BEGIN Given entries
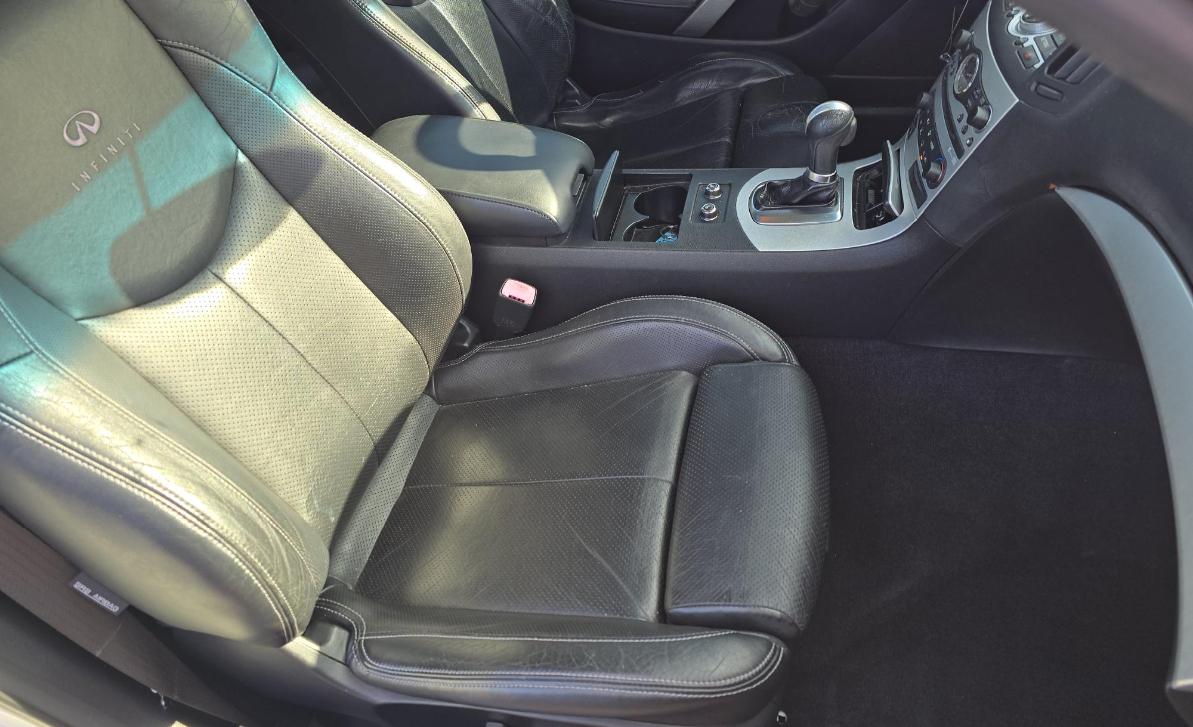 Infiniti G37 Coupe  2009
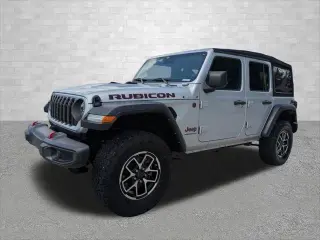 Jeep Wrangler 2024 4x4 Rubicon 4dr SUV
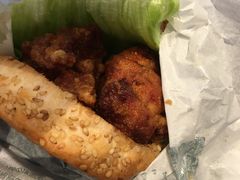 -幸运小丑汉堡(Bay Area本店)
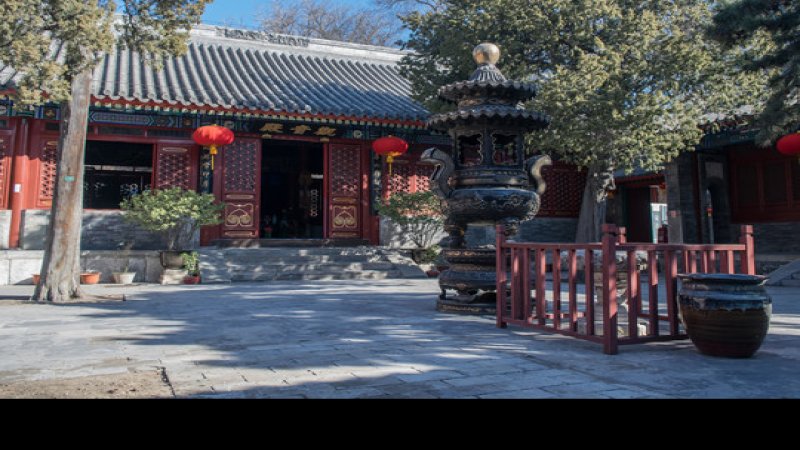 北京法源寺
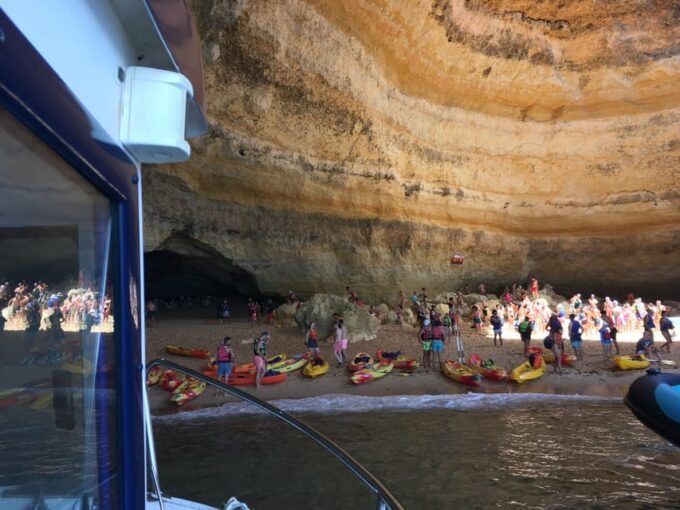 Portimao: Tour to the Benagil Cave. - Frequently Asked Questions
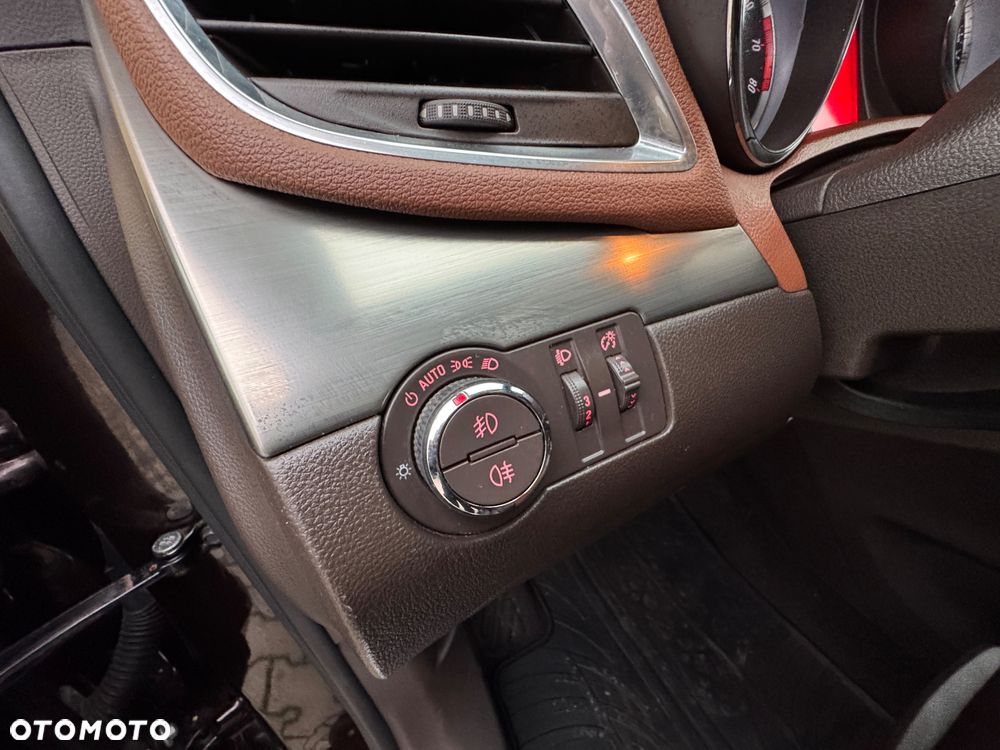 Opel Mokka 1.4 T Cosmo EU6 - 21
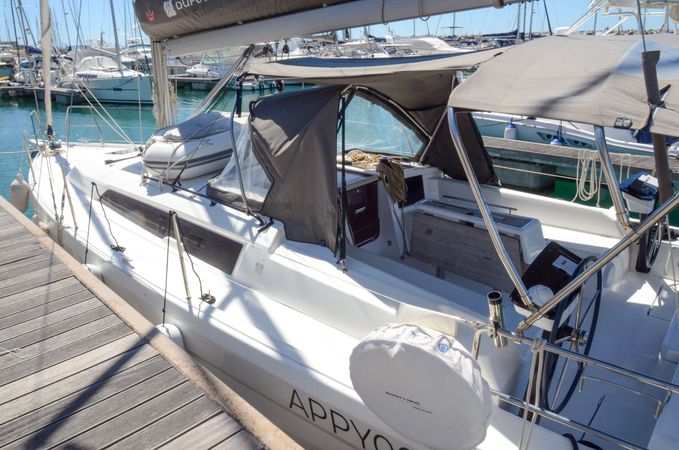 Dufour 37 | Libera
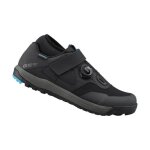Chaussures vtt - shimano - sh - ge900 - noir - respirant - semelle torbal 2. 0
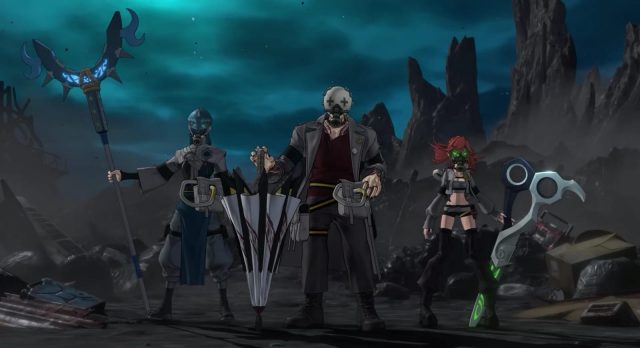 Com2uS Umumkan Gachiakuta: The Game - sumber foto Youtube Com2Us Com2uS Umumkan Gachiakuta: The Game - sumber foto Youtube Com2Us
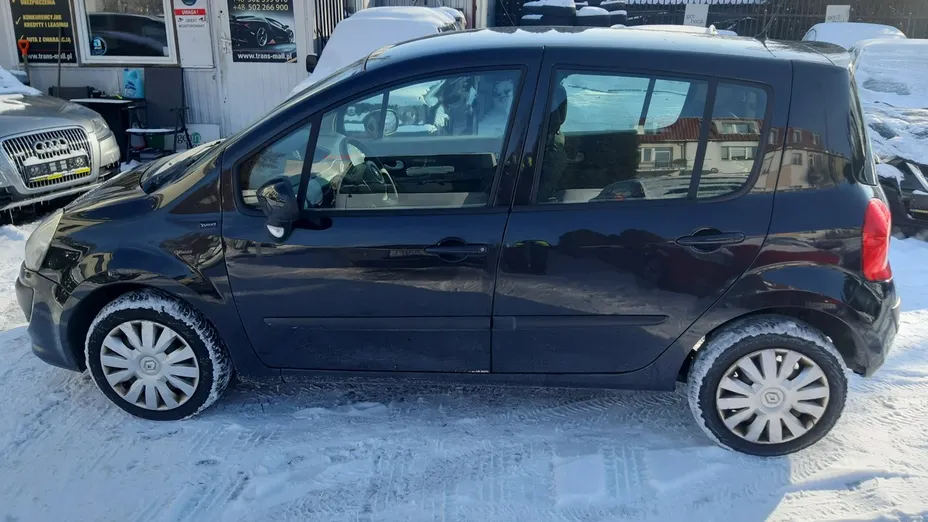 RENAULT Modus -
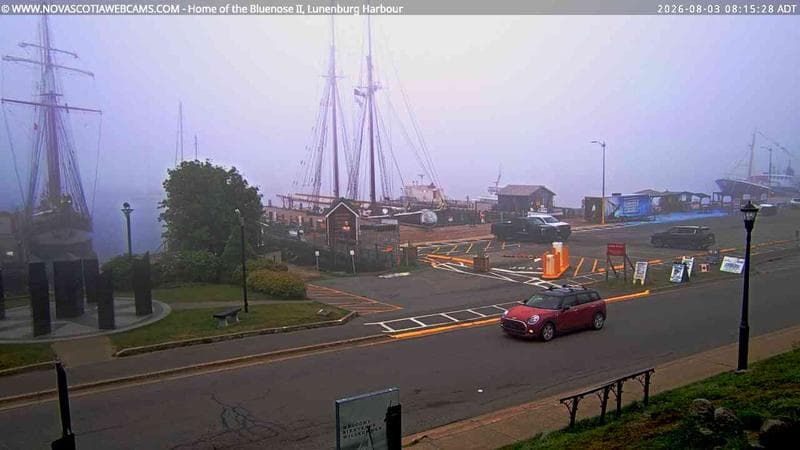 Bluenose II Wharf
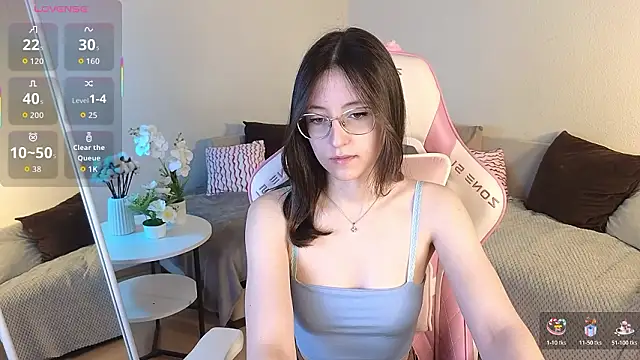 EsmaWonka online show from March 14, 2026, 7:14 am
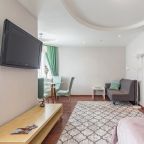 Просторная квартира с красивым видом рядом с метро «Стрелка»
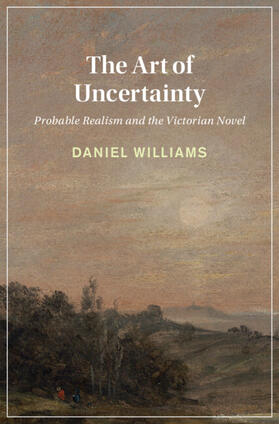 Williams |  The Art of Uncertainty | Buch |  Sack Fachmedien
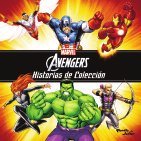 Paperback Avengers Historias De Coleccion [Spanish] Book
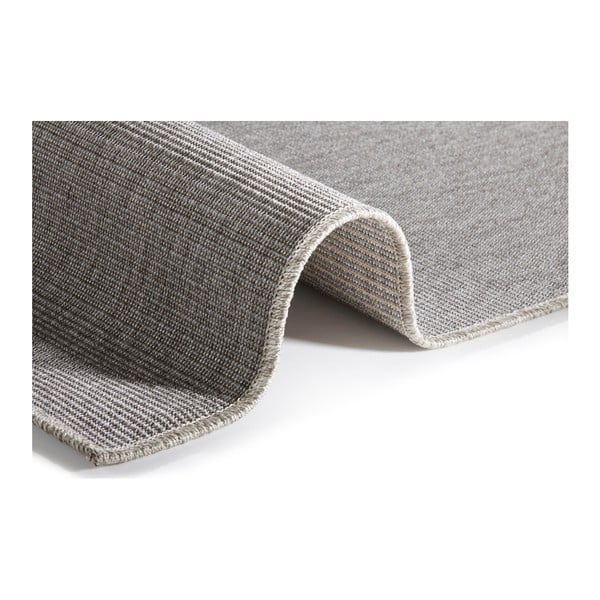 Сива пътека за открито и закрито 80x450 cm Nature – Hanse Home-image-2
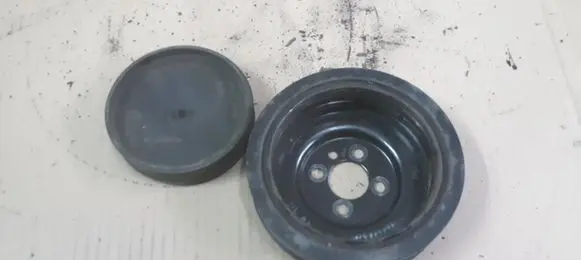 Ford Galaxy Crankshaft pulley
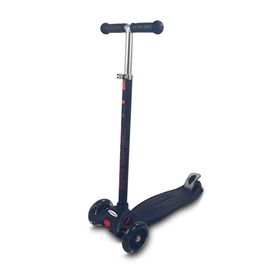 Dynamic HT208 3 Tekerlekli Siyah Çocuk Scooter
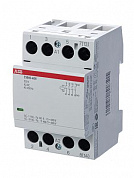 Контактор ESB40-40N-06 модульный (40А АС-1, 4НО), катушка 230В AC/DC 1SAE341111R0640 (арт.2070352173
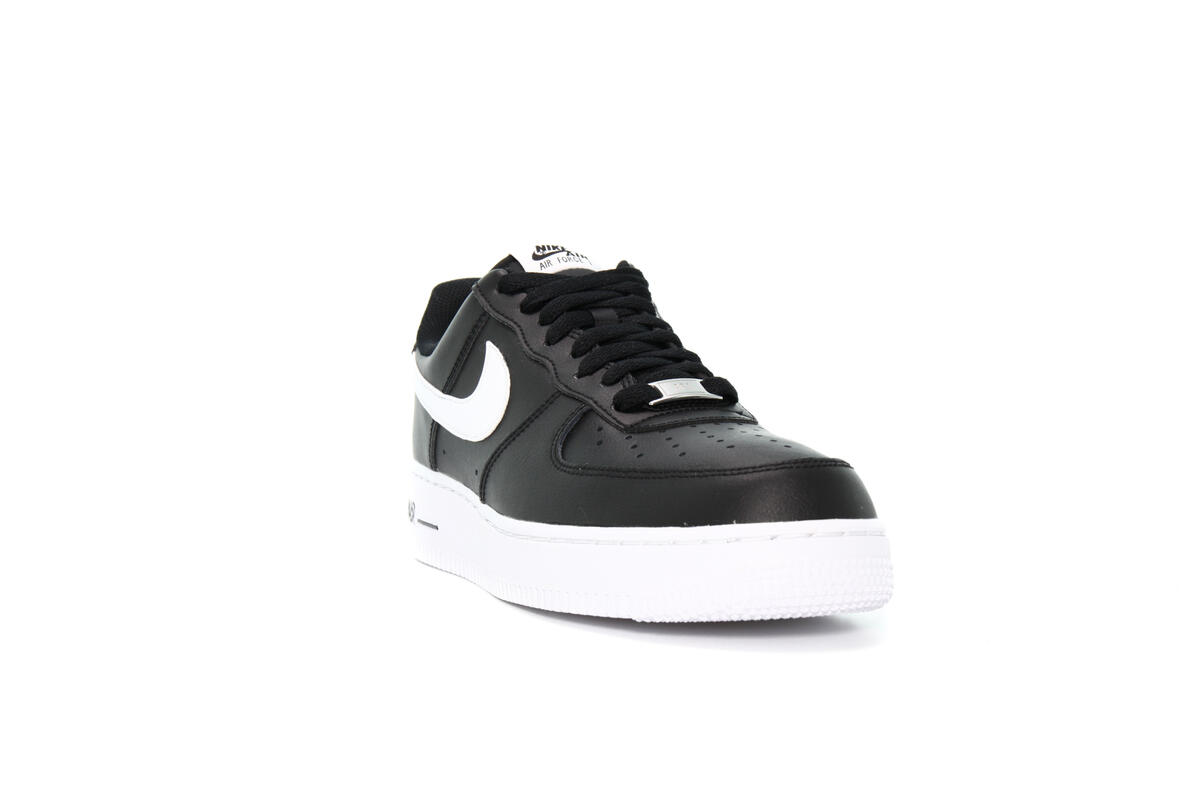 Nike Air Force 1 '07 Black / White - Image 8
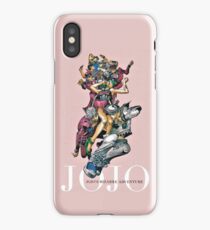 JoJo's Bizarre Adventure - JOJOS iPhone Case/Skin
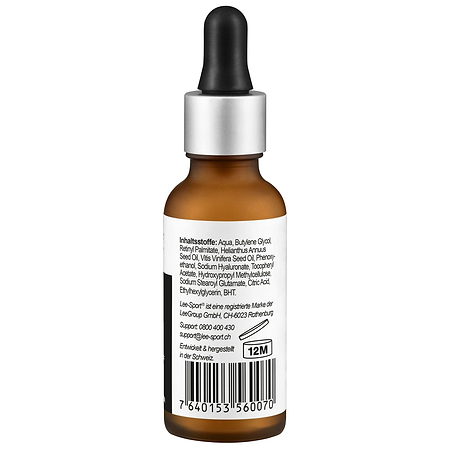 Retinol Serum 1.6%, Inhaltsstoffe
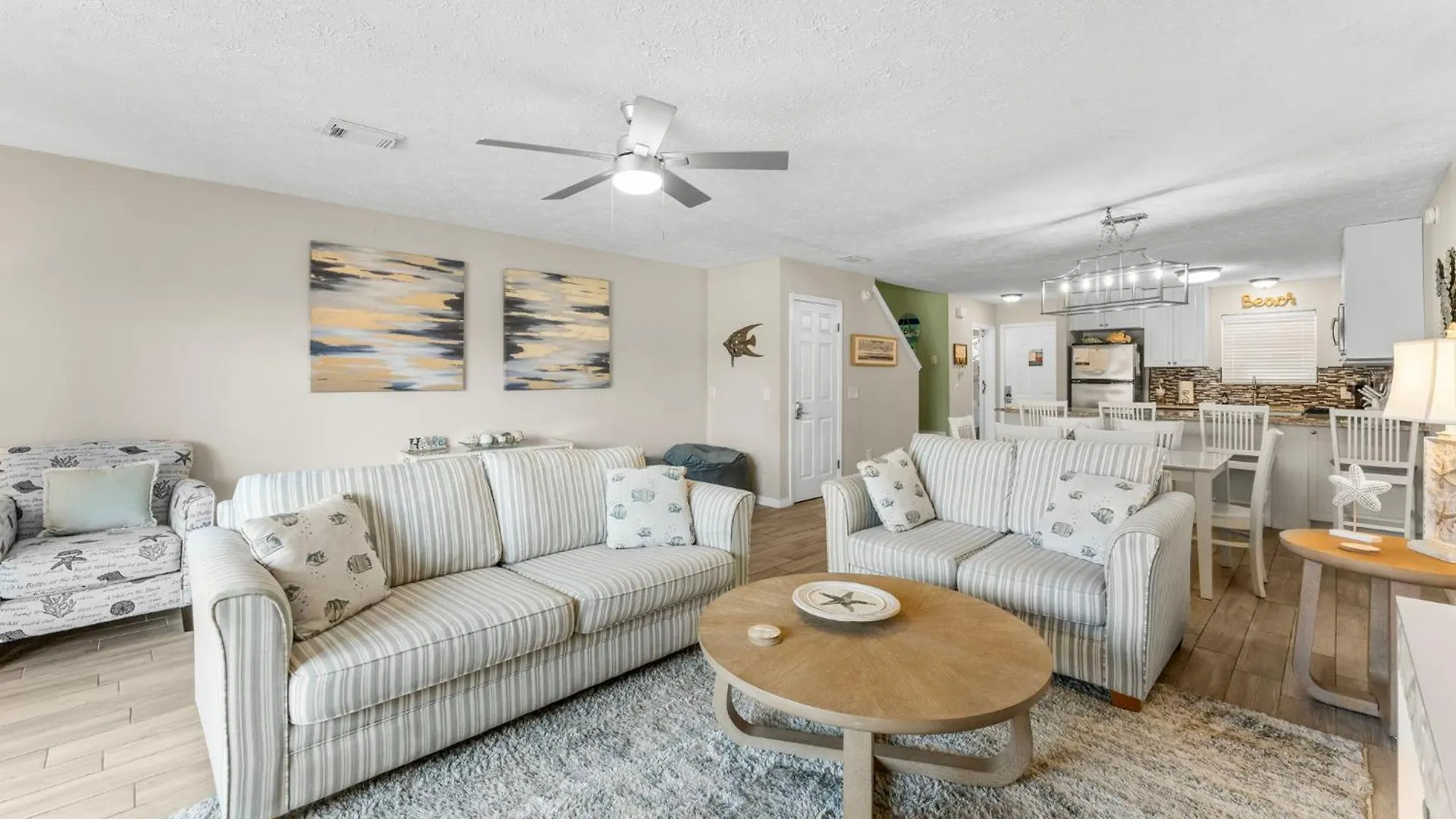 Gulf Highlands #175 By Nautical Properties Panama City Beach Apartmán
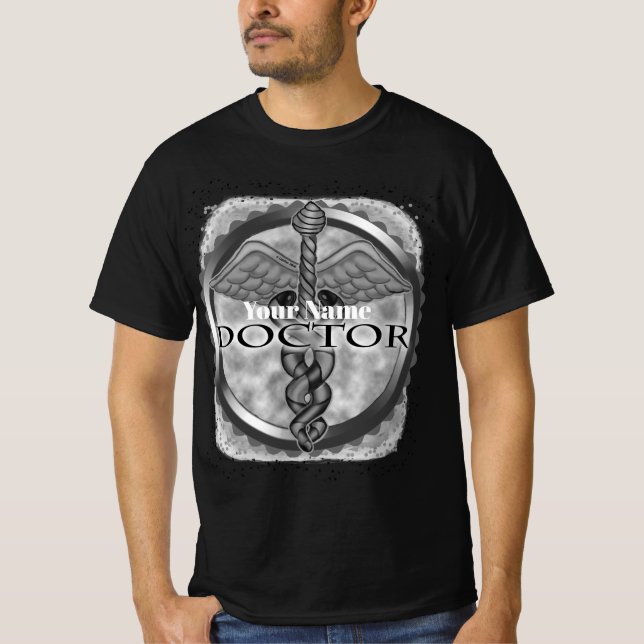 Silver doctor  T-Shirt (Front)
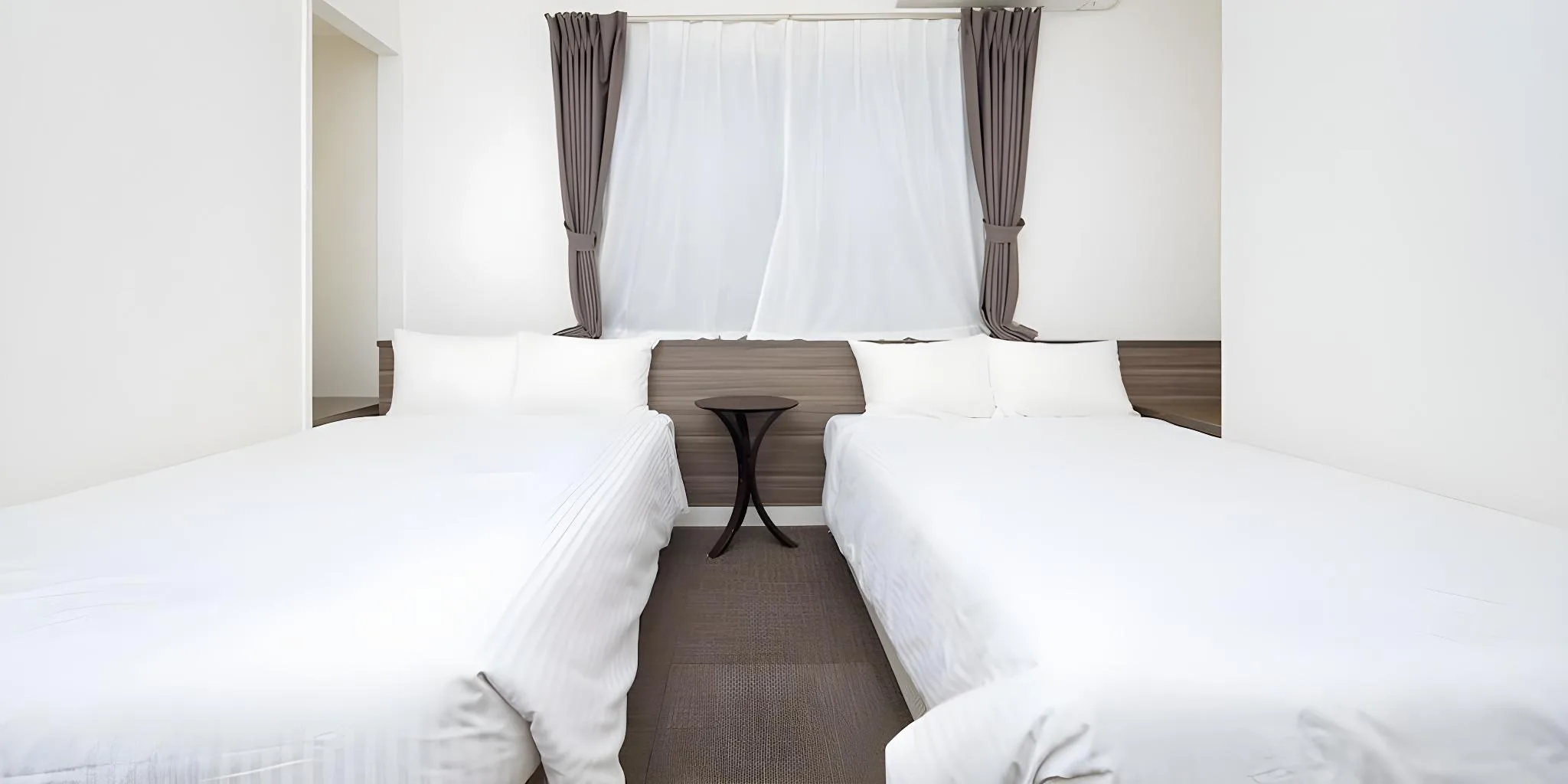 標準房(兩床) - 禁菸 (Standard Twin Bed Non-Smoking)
END Given entries
_Work item_.
The lines wanted are those from the one with "Opel Mokka 1.4 T Cosmo EU6 - 21" to the end of the entries above, repeated exactly, both ends included. Leave out the pictures.

_Answer section_.
 Opel Mokka 1.4 T Cosmo EU6 - 21
 Dufour 37 | Libera
Chaussures vtt - shimano - sh - ge900 - noir - respirant - semelle torbal 2. 0
 Com2uS Umumkan Gachiakuta: The Game - sumber foto Youtube Com2Us Com2uS Umumkan Gachiakuta: The Game - sumber foto Youtube Com2Us
 RENAULT Modus -
 Bluenose II Wharf
 EsmaWonka online show from March 14, 2026, 7:14 am
 Просторная квартира с красивым видом рядом с метро «Стрелка»
 Williams |  The Art of Uncertainty | Buch |  Sack Fachmedien
 Paperback Avengers Historias De Coleccion [Spanish] Book
 Сива пътека за открито и закрито 80x450 cm Nature – Hanse Home-image-2
 Ford Galaxy Crankshaft pulley
 Dynamic HT208 3 Tekerlekli Siyah Çocuk Scooter
 Контактор ESB40-40N-06 модульный (40А АС-1, 4НО), катушка 230В AC/DC 1SAE341111R0640 (арт.2070352173
 Nike Air Force 1 '07 Black / White - Image 8
 JoJo's Bizarre Adventure - JOJOS iPhone Case/Skin
 Retinol Serum 1.6%, Inhaltsstoffe
 Gulf Highlands #175 By Nautical Properties Panama City Beach Apartmán
 Silver doctor  T-Shirt (Front)
 標準房(兩床) - 禁菸 (Standard Twin Bed Non-Smoking)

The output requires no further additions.